2. The intelligent testing and optimizing method for video corpus of claim 1,
in the feature extraction and multimodal fusion network, the first feature P may be extracted by a first extraction function φ s The method comprises the steps of carrying out a first treatment on the surface of the Extracting the second feature P by a second extraction function θ t The method comprises the steps of carrying out a first treatment on the surface of the Wherein the first extraction function phi and the second extraction function theta may use a pre-trained language model as an encoder for directly outputting encoded features; and fusing the visual and voice features through linear mapping and nonlinear transformation, and obtaining the multi-modal features of the video through setting a deep learning model for automatic learning.

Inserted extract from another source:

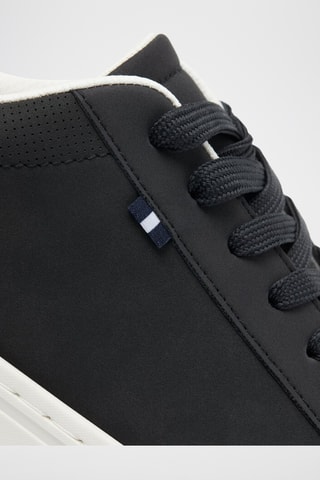 Baskets - Bleu marine et noir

3. The intelligent testing and optimizing method for video corpus of claim 2,
when the first extraction function phi and the second extraction function theta use a pre-training language model as an encoder, the first extraction function phi comprises an image feature extraction model ResNet; the second extraction function θ includes: a BERT model or a RoBERTa model;
setting the deep learning model includes: setting the output dimension of the projection layer to generate a desired feature representation; the projection layer comprises one or more linear full-connection layers for realizing linear mapping or nonlinear activation functions; learning a weight matrix of the projection layer through back propagation training to fit an optimal feature map; the plurality of projection layers obtained through training are connected in series to form a multi-layer perceptron structure, the mapping capacity is enhanced, and a regularization mode is added among the plurality of projection layers to help optimize training; the input end corresponds to different projection layers to fit feature maps of different domains and prevent the projection layers from being overfitted by arranging a discarding layer.

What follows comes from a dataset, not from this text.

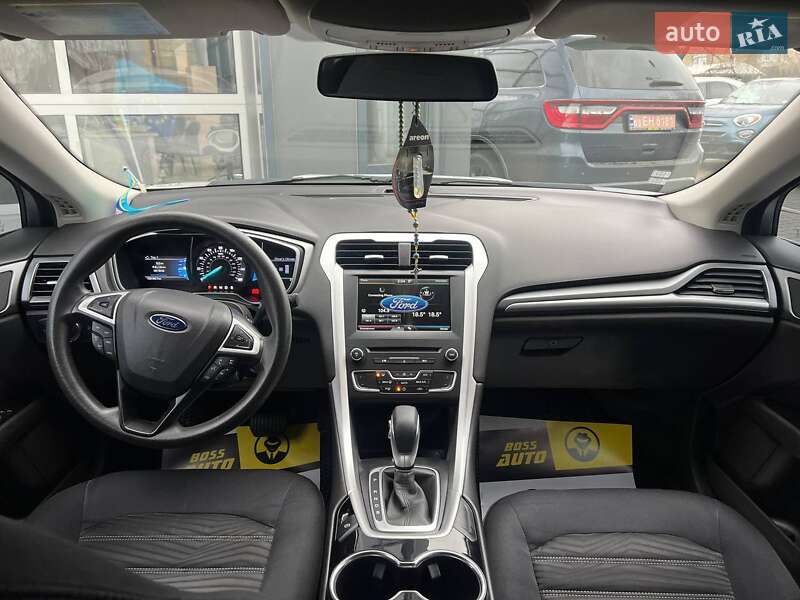 Седан Ford Fusion 2016 в Ивано-Франковске фото 12 Седан Ford Fusion 2016 в Ивано-Франковске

4. The intelligent testing and optimizing method for video corpus of claim 1,
the attention weight matrix W is determined by T And (3) performing calculation:
wherein W is T The attention matrix representing the moment T,representing the second characteristic P t Second mapped word vector space feature obtained after mapping to word vector space,/for>The superscript T in (1) represents the transpose, phi represents the first feature P s θ represents the second mapping word vector spatial feature +.>Is a second extraction function of->Representing the spatial feature of the second mapping word vector>Is a length of (2); />Representing spatial characteristics of the second mapping word vector by evolution->Carrying out normalization treatment; the softmax function represents the normalization of the result of the first extraction function and the result of the second extraction function after the inner product operation, σ (P s ) Representing the first feature P by a sigma function s The probability distribution can be met as an attention weight; wherein the sigma function is a nonlinear function.
5. The intelligent test optimization method for video corpus according to claim 1, wherein in the step 4, the cross entropy loss functionW T [i]Representing an attention weighting matrix W T The weight corresponding to the ith sample in (i), namely, the loss term of each sample is weighted, and the higher the attention weight is, the greater the contribution of the loss to the total loss is; y is i True tag representing the i-th sample, +.>An algorithmic model prediction output representing the ith sample.

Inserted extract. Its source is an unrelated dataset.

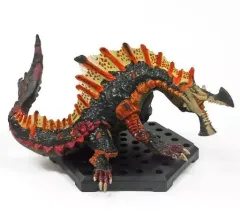 【中古】トレーディングフィギュア 3.アグナコトル 「カプコンフィギュアビルダー モンスターハンター スタンダードモデル Plus Vol.5」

6. The intelligent testing optimization method for video corpus according to claim 1, wherein: in the step 6, the preset optimizing condition at least includes at least one of the following conditions: the attention weight matrix W T The weights in (2) are all above a preset threshold; the corpus intelligent test is optimized, and the prediction accuracy or other evaluation indexes reach the expected target; the number of samples that are out of qualification for optimal adjustment from the test set continues to decrease.
7. The intelligent testing optimization method for video corpus according to claim 1, wherein: in the step 1, labeling the video, and obtaining the true value label corresponding to the video data includes: the video spider crawls the required video from the main stream video station according to the requirement, carries out clear smoothness detection on the video, and eliminates the video which does not meet the requirement; disassembling the video into continuous pictures according to the video attributes, sequencing the generated pictures, and identifying subtitles in the video by using an OCR technology; performing de-duplication processing on the generated subtitles, and calculating the start-stop time of the subtitles according to the video frame rate; decomposing audio from the original video, and intercepting the audio according to the start-stop time of the caption; noise reduction processing is carried out on the audio, so that definition is improved; the audio generated by interception is subjected to multi-person voice recognition, the audio generated by interception is screened, and the corpus generated after screening is stored in a database according to categories and languages.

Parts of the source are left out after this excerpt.